Crawled caption data:
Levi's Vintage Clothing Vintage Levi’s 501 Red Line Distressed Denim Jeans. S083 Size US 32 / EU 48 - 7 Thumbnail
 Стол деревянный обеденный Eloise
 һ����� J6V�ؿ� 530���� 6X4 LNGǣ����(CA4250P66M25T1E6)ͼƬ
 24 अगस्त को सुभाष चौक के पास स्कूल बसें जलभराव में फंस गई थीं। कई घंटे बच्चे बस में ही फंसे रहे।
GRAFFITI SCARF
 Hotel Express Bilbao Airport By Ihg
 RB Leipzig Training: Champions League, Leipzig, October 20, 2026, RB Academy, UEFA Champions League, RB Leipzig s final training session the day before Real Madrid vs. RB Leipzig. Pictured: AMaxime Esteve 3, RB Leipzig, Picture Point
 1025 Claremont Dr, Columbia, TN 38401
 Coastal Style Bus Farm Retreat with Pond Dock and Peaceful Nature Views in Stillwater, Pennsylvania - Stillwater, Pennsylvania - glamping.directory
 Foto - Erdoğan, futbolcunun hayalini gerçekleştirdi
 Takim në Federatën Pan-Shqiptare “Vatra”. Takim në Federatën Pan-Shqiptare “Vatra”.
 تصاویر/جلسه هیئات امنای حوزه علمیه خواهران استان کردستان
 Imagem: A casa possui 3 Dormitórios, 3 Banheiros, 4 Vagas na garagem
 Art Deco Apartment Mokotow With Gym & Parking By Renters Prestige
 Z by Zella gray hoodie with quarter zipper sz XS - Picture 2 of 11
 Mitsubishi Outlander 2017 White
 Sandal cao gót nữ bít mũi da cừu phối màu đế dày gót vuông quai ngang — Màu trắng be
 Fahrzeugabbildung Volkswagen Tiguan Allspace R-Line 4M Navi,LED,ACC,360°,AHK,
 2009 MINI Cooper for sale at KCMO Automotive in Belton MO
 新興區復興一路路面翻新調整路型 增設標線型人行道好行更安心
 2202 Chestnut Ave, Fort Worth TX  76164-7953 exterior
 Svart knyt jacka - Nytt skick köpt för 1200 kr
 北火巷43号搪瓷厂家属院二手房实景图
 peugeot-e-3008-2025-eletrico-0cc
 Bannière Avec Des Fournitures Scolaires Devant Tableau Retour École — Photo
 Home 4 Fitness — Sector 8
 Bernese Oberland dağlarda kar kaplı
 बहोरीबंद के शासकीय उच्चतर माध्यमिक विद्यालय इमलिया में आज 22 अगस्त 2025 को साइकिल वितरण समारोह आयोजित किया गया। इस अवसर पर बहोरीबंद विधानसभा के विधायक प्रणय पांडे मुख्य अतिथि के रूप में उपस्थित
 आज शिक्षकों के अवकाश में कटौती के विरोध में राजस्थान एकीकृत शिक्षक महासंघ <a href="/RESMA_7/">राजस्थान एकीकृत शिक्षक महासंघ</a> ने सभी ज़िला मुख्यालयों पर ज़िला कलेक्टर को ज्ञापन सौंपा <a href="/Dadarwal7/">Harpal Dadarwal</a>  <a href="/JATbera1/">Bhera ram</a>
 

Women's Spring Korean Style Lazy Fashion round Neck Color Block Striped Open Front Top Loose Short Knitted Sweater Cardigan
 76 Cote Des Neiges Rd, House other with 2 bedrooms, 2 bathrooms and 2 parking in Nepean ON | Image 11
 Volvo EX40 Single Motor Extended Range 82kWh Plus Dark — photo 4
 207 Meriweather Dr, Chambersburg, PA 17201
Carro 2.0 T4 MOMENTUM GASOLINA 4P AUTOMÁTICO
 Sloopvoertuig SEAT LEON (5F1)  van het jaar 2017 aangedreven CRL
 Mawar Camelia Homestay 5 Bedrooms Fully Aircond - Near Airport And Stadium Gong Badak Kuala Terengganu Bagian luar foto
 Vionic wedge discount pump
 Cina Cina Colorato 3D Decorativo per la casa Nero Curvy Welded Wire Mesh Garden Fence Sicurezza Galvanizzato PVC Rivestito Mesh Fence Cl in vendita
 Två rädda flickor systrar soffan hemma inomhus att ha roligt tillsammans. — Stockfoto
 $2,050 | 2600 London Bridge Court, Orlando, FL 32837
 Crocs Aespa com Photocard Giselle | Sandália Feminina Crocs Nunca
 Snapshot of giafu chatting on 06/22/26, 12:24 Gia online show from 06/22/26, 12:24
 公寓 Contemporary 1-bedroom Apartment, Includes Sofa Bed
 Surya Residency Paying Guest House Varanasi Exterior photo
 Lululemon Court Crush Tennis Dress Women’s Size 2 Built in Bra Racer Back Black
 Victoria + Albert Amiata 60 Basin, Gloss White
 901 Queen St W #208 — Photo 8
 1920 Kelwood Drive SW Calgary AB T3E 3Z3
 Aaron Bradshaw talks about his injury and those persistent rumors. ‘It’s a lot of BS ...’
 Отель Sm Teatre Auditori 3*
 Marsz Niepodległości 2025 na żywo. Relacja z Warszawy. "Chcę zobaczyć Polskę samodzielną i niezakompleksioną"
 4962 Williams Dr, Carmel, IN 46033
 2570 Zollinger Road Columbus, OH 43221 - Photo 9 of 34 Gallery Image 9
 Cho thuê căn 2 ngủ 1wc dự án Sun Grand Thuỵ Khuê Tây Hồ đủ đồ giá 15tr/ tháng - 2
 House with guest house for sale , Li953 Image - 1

§ Task to complete: Word for word, output the records that appear above.

§ Response below:
Levi's Vintage Clothing Vintage Levi’s 501 Red Line Distressed Denim Jeans. S083 Size US 32 / EU 48 - 7 Thumbnail
 Стол деревянный обеденный Eloise
 һ����� J6V�ؿ� 530���� 6X4 LNGǣ����(CA4250P66M25T1E6)ͼƬ
 24 अगस्त को सुभाष चौक के पास स्कूल बसें जलभराव में फंस गई थीं। कई घंटे बच्चे बस में ही फंसे रहे।
GRAFFITI SCARF
 Hotel Express Bilbao Airport By Ihg
 RB Leipzig Training: Champions League, Leipzig, October 20, 2026, RB Academy, UEFA Champions League, RB Leipzig s final training session the day before Real Madrid vs. RB Leipzig. Pictured: AMaxime Esteve 3, RB Leipzig, Picture Point
 1025 Claremont Dr, Columbia, TN 38401
 Coastal Style Bus Farm Retreat with Pond Dock and Peaceful Nature Views in Stillwater, Pennsylvania - Stillwater, Pennsylvania - glamping.directory
 Foto - Erdoğan, futbolcunun hayalini gerçekleştirdi
 Takim në Federatën Pan-Shqiptare “Vatra”. Takim në Federatën Pan-Shqiptare “Vatra”.
 تصاویر/جلسه هیئات امنای حوزه علمیه خواهران استان کردستان
 Imagem: A casa possui 3 Dormitórios, 3 Banheiros, 4 Vagas na garagem
 Art Deco Apartment Mokotow With Gym & Parking By Renters Prestige
 Z by Zella gray hoodie with quarter zipper sz XS - Picture 2 of 11
 Mitsubishi Outlander 2017 White
 Sandal cao gót nữ bít mũi da cừu phối màu đế dày gót vuông quai ngang — Màu trắng be
 Fahrzeugabbildung Volkswagen Tiguan Allspace R-Line 4M Navi,LED,ACC,360°,AHK,
 2009 MINI Cooper for sale at KCMO Automotive in Belton MO
 新興區復興一路路面翻新調整路型 增設標線型人行道好行更安心
 2202 Chestnut Ave, Fort Worth TX  76164-7953 exterior
 Svart knyt jacka - Nytt skick köpt för 1200 kr
 北火巷43号搪瓷厂家属院二手房实景图
 peugeot-e-3008-2025-eletrico-0cc
 Bannière Avec Des Fournitures Scolaires Devant Tableau Retour École — Photo
 Home 4 Fitness — Sector 8
 Bernese Oberland dağlarda kar kaplı
 बहोरीबंद के शासकीय उच्चतर माध्यमिक विद्यालय इमलिया में आज 22 अगस्त 2025 को साइकिल वितरण समारोह आयोजित किया गया। इस अवसर पर बहोरीबंद विधानसभा के विधायक प्रणय पांडे मुख्य अतिथि के रूप में उपस्थित
 आज शिक्षकों के अवकाश में कटौती के विरोध में राजस्थान एकीकृत शिक्षक महासंघ <a href="/RESMA_7/">राजस्थान एकीकृत शिक्षक महासंघ</a> ने सभी ज़िला मुख्यालयों पर ज़िला कलेक्टर को ज्ञापन सौंपा <a href="/Dadarwal7/">Harpal Dadarwal</a>  <a href="/JATbera1/">Bhera ram</a>
 

Women's Spring Korean Style Lazy Fashion round Neck Color Block Striped Open Front Top Loose Short Knitted Sweater Cardigan
 76 Cote Des Neiges Rd, House other with 2 bedrooms, 2 bathrooms and 2 parking in Nepean ON | Image 11
 Volvo EX40 Single Motor Extended Range 82kWh Plus Dark — photo 4
 207 Meriweather Dr, Chambersburg, PA 17201
Carro 2.0 T4 MOMENTUM GASOLINA 4P AUTOMÁTICO
 Sloopvoertuig SEAT LEON (5F1)  van het jaar 2017 aangedreven CRL
 Mawar Camelia Homestay 5 Bedrooms Fully Aircond - Near Airport And Stadium Gong Badak Kuala Terengganu Bagian luar foto
 Vionic wedge discount pump
 Cina Cina Colorato 3D Decorativo per la casa Nero Curvy Welded Wire Mesh Garden Fence Sicurezza Galvanizzato PVC Rivestito Mesh Fence Cl in vendita
 Två rädda flickor systrar soffan hemma inomhus att ha roligt tillsammans. — Stockfoto
 $2,050 | 2600 London Bridge Court, Orlando, FL 32837
 Crocs Aespa com Photocard Giselle | Sandália Feminina Crocs Nunca
 Snapshot of giafu chatting on 06/22/26, 12:24 Gia online show from 06/22/26, 12:24
 公寓 Contemporary 1-bedroom Apartment, Includes Sofa Bed
 Surya Residency Paying Guest House Varanasi Exterior photo
 Lululemon Court Crush Tennis Dress Women’s Size 2 Built in Bra Racer Back Black
 Victoria + Albert Amiata 60 Basin, Gloss White
 901 Queen St W #208 — Photo 8
 1920 Kelwood Drive SW Calgary AB T3E 3Z3
 Aaron Bradshaw talks about his injury and those persistent rumors. ‘It’s a lot of BS ...’
 Отель Sm Teatre Auditori 3*
 Marsz Niepodległości 2025 na żywo. Relacja z Warszawy. "Chcę zobaczyć Polskę samodzielną i niezakompleksioną"
 4962 Williams Dr, Carmel, IN 46033
 2570 Zollinger Road Columbus, OH 43221 - Photo 9 of 34 Gallery Image 9
 Cho thuê căn 2 ngủ 1wc dự án Sun Grand Thuỵ Khuê Tây Hồ đủ đồ giá 15tr/ tháng - 2
 House with guest house for sale , Li953 Image - 1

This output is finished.